WHAT THE TASK ASKS:
Output only the lines below from the one containing "Ünnepi asztal terítése, karácsonyi" to the one containing "Odeerbi 1-8 Años", exactly as written, both ends kept.

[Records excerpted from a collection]
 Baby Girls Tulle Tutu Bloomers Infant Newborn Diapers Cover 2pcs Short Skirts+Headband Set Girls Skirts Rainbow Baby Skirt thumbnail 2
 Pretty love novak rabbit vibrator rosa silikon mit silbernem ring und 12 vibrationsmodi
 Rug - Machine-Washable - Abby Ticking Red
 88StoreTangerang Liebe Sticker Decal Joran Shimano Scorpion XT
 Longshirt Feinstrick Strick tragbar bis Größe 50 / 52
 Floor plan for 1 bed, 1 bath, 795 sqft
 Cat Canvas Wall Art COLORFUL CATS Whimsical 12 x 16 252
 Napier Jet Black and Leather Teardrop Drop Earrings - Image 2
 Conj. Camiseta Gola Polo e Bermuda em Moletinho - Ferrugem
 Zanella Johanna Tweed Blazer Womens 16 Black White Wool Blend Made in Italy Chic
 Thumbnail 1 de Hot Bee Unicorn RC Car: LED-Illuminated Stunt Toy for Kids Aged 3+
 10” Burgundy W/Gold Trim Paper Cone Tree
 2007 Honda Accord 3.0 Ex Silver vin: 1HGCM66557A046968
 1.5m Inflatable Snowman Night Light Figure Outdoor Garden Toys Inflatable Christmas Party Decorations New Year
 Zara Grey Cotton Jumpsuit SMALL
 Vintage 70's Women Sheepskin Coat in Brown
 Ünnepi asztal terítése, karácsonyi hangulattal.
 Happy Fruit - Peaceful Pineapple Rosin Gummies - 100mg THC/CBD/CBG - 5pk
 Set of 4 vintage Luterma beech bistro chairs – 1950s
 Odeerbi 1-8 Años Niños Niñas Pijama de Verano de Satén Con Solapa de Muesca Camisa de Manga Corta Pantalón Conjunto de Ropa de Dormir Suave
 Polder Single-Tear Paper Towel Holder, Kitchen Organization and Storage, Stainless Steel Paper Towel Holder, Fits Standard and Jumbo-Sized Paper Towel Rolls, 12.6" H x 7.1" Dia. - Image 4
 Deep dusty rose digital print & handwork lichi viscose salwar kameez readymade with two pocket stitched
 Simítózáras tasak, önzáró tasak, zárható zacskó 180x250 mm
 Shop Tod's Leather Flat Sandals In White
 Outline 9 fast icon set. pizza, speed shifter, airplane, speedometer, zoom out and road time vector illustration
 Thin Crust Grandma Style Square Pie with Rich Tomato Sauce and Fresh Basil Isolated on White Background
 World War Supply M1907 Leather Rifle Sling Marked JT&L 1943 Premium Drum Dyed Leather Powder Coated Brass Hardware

WRITTEN SOLUTION:
 Ünnepi asztal terítése, karácsonyi hangulattal.
 Happy Fruit - Peaceful Pineapple Rosin Gummies - 100mg THC/CBD/CBG - 5pk
 Set of 4 vintage Luterma beech bistro chairs – 1950s
 Odeerbi 1-8 Años Niños Niñas Pijama de Verano de Satén Con Solapa de Muesca Camisa de Manga Corta Pantalón Conjunto de Ropa de Dormir Suave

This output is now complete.